Modern Culture

By robbie trosclair, staff writer

The United Houma Nation has an important and unique way of life. The culture they have been developing for hundreds of years has not been forgotten by them and instead has been cleverly adapted to and retaught in ways that match modern times.

Areas like traditional jewelry, basket weaving, fishing and even education are all modern issues that are constantly being reshaped and retaught to the younger generation.

“Children become the leaders”, says Janie Luster, who’s family weaves baskets and makes traditional jewelry.

According to former chief Brenda Dardar Robichaux, an important part of modern culture is the education of the UHN youth. This is done partially through summer enrichment camps.

These camps teach both Native American history and other subjects together like learning math through beadwork and science through studying indigienous plants and their uses.

For the older kids, camps offer leadership training. Members form a mock tribal council and come up with solutions for modern issues. One particular camp, the issue was the relocation of Jean Charles Island.

In the simulation, the citizens of the island were offered ten million dollars to move without taking anything with them. Robichaux says she was sad they were already familiar with this issue but also said she was almost brought to tears with their attention to the subject.

“They were so passionate about what it meant to lose their community,” Robichaux says.

For older traditions like making a filé, Luster’s mother used to gather the sassafras leaves with her hands as well as crush them down with a mortar and pestle. Now, citizens are using tools like Ninja food processors and flour sifters. Luster says that she has memories of the filé getting everywhere but the NINJA makes things a little easier for cleanup and their lungs.

Using garfish to make jewelry is also something unique to the UHN that has been modernized. Originally, Luster’s mother would take garfish scales and attach them to blue clay from whatever bayou she could pull them from. Luster and her family carry out that tradition, but use a glue gun to help with production.

“We’re still doing this four generations later, my mother, myself, my daughter and their children,” Luster says.

Preparing the garfish is necessary before the jewelry can be made, and Luster has modernized this by using a smoker rather than hanging the fish by a clothesline and using a drum barrel fire.

The scales have allowed her the opportunity to travel to the Smithsonian Museum and France twice.

“Modern ways of doing things are a little easier, yet the same things are being carried on,” Luster says.

Part of modern UHN culture is finding traditions that are almost forgotten and teaching it to the rest of the tribe. One such example is the Houma half hitch basket, which Luster says was lost in the ’40s and was a product that the Houma were the only tribe in the country to make.

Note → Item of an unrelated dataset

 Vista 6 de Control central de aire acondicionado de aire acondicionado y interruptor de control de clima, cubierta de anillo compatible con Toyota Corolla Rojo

It was relearned through a class taught in the ’90s by Richard Conn, the curator of the Denver American Indian Museum. Although the tribe struggled to relearn the technique, Luster was able to teach herself using a manual given to her by Conn. From there, she created her own way of teaching the basket so that the UHN could bring back the basket.

Even fishing, a way of life that goes back thousands of years has been brought into the modern era by the UHN. Robichaux’s father fished for oysters, but now her son farms for them, a much more sustainable alternative.

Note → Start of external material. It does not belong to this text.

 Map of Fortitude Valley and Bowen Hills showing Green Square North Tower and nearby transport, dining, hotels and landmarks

RJ Molinere, a UHN member who has been fishing his entire life is now sometimes dependent on his son and the map data on the internet as land disappears from coastal erosion.

The most important modern tradition is making sure the next generation is able to continue on the UHN legacy. With older traditions continuing to adapt to the times, the UHN will be able to enjoy thousands of years of prosperity.

“It’s given me my identity,” Bergeron says. “It rounded me, tells me who I am.”